New CSOM dean getting used to life back at the U

Vincent Staupe

Alison Davis-Blake’s first job in high school was writing computer programs in the basement of Blegen Hall. Decades later, she’s working a few buildings away.

The new dean of the Carlson School of Management said she had no idea she would eventually return. But the combined ambition of the school and the University drew her back.

“I wanted to be a part of a great university,” said Davis-Blake, a Twin Cities native who assumed her new role in July, though she was appointed in 2005.

Previously, she was the senior associate dean at the University of Texas’ business school and spent most of the past year finishing up there while getting acquainted with the Carlson School.

Bringing Davis-Blake, 46, back north took some coaxing; she declined her first invitation to interview for the deanship.

“I just declined most of the invitations that came to me,” Davis-Blake said, noting that refusing the job had little to do with the Carlson School and everything to do with timing.

The second time the faculty committee approached her with a “robust set of arguments” promoting the school, Davis-Blake said she had given more thought to the position and was already in town for the retirement party for her father, Gordon Davis, who taught management information systems at the Carlson School for 44 years.

“Timing in life is everything and I was persuaded there was a really good story here and that it was something I wanted to be a part of,” she said.

Part of the story – the ongoing construction of an undergraduate facility – especially drew Davis-Blake to the job, she said.

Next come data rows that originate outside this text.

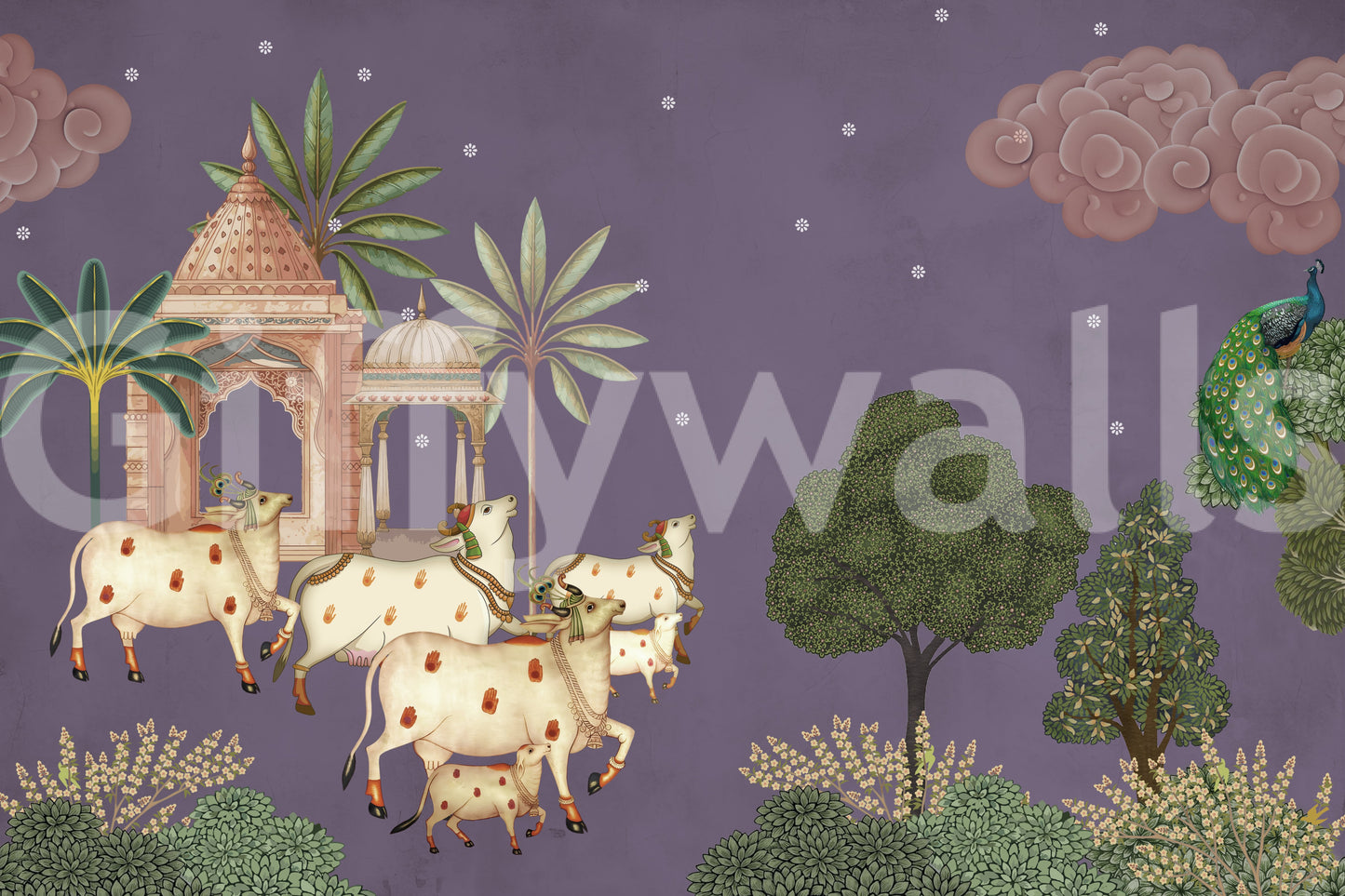 The style is a soft-focus illustration or a painterly design.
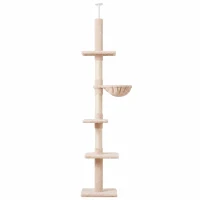 PawHut kattenboom krabboom kattenkrabboom met sisalpalen in hoogte verstelbaar beige(m-14)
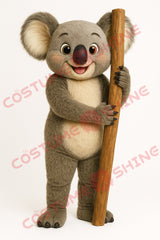 Grey Koala Mascot Costume with Wood Prop – Premium Plush Animal Suit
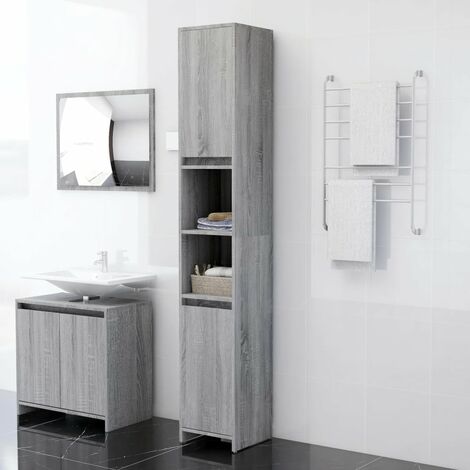 Meuble de Rangement Toilette,Armoire de bain Sonoma gris 30x30x183,5 cm Bois d'ingénierie -11075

“(Hanson Hall) is going to be the premier facility in the world that is really dedicated to undergraduate business education,” Davis-Blake said, though she stressed the project won’t be effective unless it’s coupled with a top-notch curriculum and student services.

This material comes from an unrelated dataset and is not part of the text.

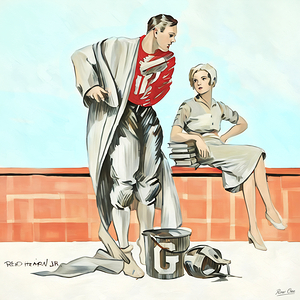1930s Georgia Football Player Art by Reid Hearn Jr.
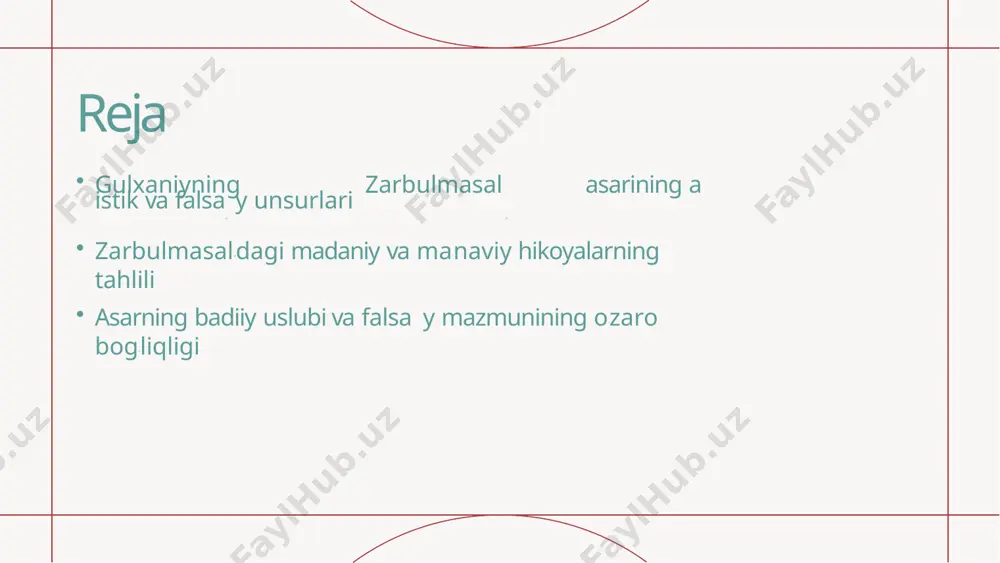 r nafaqat krlarni, balki madaniy va falsa y qadriyatlarni ham chuqur ifodalaydi. gulxaniyning "zarbulmasal"dagi madaniy va falsa y ma'nolar o' asidagi bog'liqlik "zarbulmasal"da madaniy hikoyalar va falsa y krlar o'zaro uzviy bog'liq bo'lib, xalq an'analari va falsa y qadriyatlarni birlashtiradi, yuksak ma'naviy qadriyatlarni ifodalaydi. asarda milliy u -odatlar va falsa y krlar bir-biriga mos kelib, xalqning tarixiy va ma'naviy qadriyatlarini shakllantirishda muhim rol o'ynaydi, o'zaro ta'sir ko'rsatadi. gulxaniyning asarida falsa y g' oyalar madaniy ramzlar va simvollarga asoslangan holda ifodalanadi, bu esa xalq ongini va ma' naviyatini chuqurlashtiradi. zarbulmasal"dagi madaniy hikoyalar va ularning xalq ongiga ta'siri " zarbulmasal" da turli madaniy hikoyalar, xalq an' analari va u -odatlar orqali milliy ong va qadriyatlar shakllanadi, avloddan-avlodga o' tadi. bu hikoyalar xalqning kundalik hayoti, u -odatlari va dini tushunchalarida chuqur aks etib, milliy identitet va vatanpa arlikni mustahkamlaydi. madaniy hikoyalar orqali yoshlar ma' naviy qadriyatlarni, adolat va mehr-oqibat prinsiplarini anglab, ularning shaxsiy …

The expansion of the undergraduate program has raised issues from some students who feel the perceived prestige of the school will suffer with the additional students.

Davis-Blake said an increased applicant pool will result in the acceptance of more qualified students.

“We are very committed to scaling the experience so that it is of a higher quality,” she said.

Most faculty interviewed said Davis-Blake has done a good job so far with her open and honest management style.

Andrew Winton, head of the finance department, said Davis-Blake has already confronted some faculty concerns, including whether she would support faculty research.

“She’s also done a good job of telling us what challenges we face,” Winton said.

One issue Davis-Blake said she’d need to address is that a third of the faculty is expected to retire within the next five years and trying to find replacements could prove challenging.

“The faculty labor market is very tight,” she said. “You have to be extremely persistent and competitive (to find good candidates).”

Davis-Blake said she will also work to improve the Carlson School’s relations with other colleges within the University.

“Business schools have so many different constituents, sometimes we don’t attend to the great partners that we have across campus as much as we could,” she said.

Students in general said they have not noticed any changes since the dean arrived.

Finance senior Brian Lebens attended a speech where Davis-Blake spoke about leadership myths.

“She seemed really great,” he said, adding that he thinks she seems aptly qualified for the position.

“She has some great experiences,” Lebens said.

While others may know precisely what their careers will be out of high school, Davis-Blake said each step in her career seemed to take a different direction.

“I had never thought that I would be a department chair, let alone dean,” she said. “But, you know, each step has been logical and progressive.”